▼

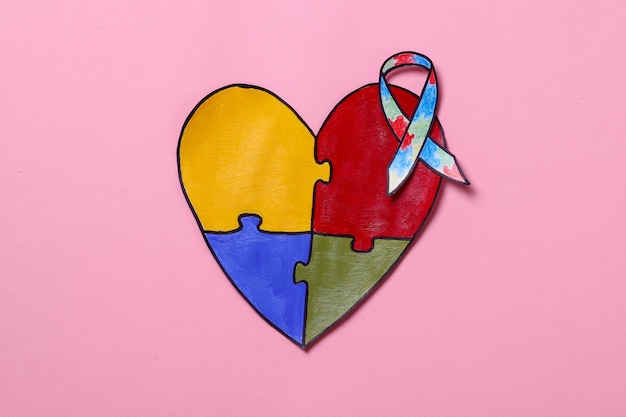 World Autism Awareness Day Ribbon on colorful puzzle heart shape isolated on pink background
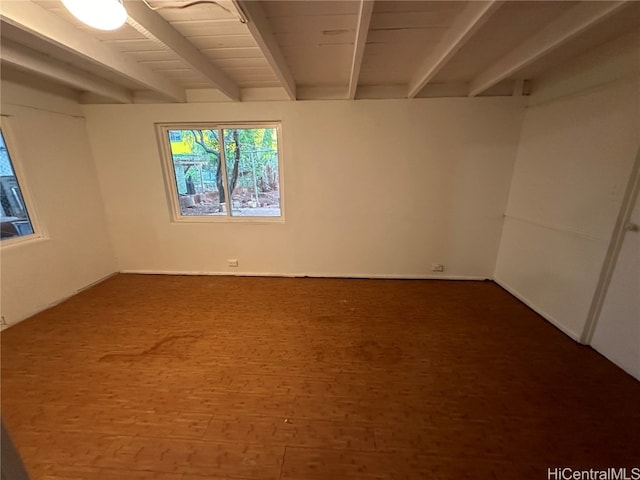 spare room featuring beam ceiling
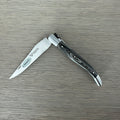 Laguiole grey pakka folding knife half open on a pale wood surface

▲

> _BRIEF_
Leave out the pictures and print every line of the data exactly.

> _SOLVED EXERCISE_
 World Autism Awareness Day Ribbon on colorful puzzle heart shape isolated on pink background
 spare room featuring beam ceiling
 Laguiole grey pakka folding knife half open on a pale wood surface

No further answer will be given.